__Data section__.

════════════════════

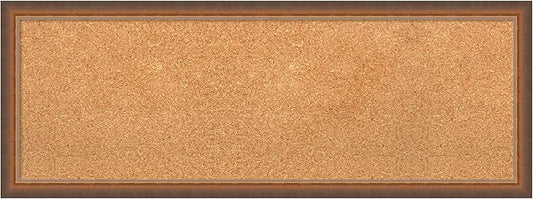 Amanti Art Natural Cork Board for Wall, 14x38 Vision Board with Bronze Frame, Medium Corkboard Office Decor for Home Organization, Modern Corkboard Pinboard to Display Items for Home Organization in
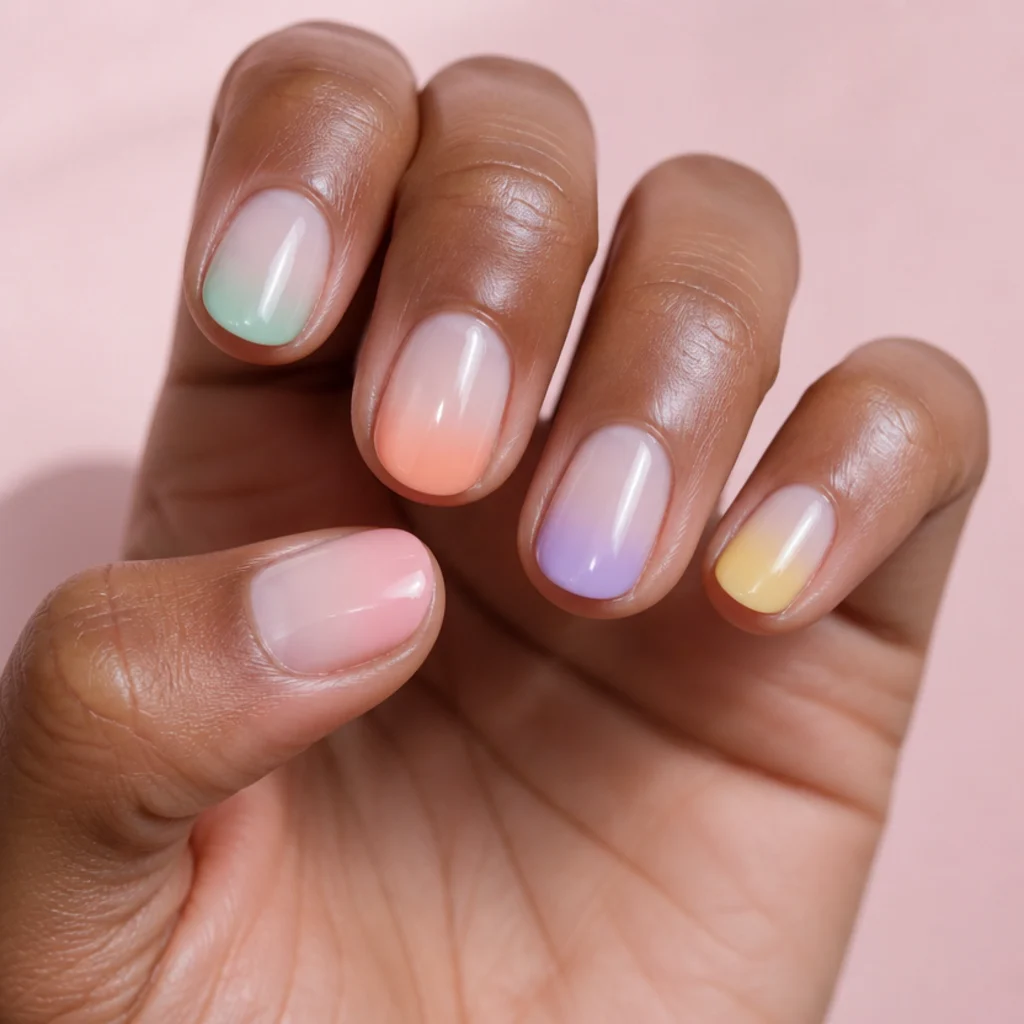 Short round nails with pastel rainbow blooming gel tips feathering down into a milky base, colors arranged in spectrum order across the hand, in a playful editorial macro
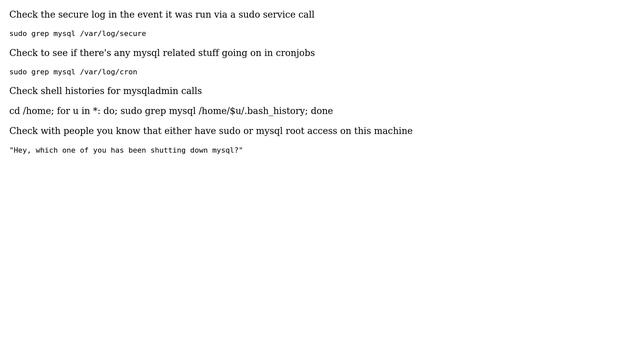 Databases: How to Identify the user who issued MySQL Shutdown command? (4 Solutions!!) смотреть онлайн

════════════════════

__Task directions__. What is needed is an exact copy of all the data, with no images in it.

__Solution to this task__.
 Amanti Art Natural Cork Board for Wall, 14x38 Vision Board with Bronze Frame, Medium Corkboard Office Decor for Home Organization, Modern Corkboard Pinboard to Display Items for Home Organization in
 Short round nails with pastel rainbow blooming gel tips feathering down into a milky base, colors arranged in spectrum order across the hand, in a playful editorial macro
 Databases: How to Identify the user who issued MySQL Shutdown command? (4 Solutions!!) смотреть онлайн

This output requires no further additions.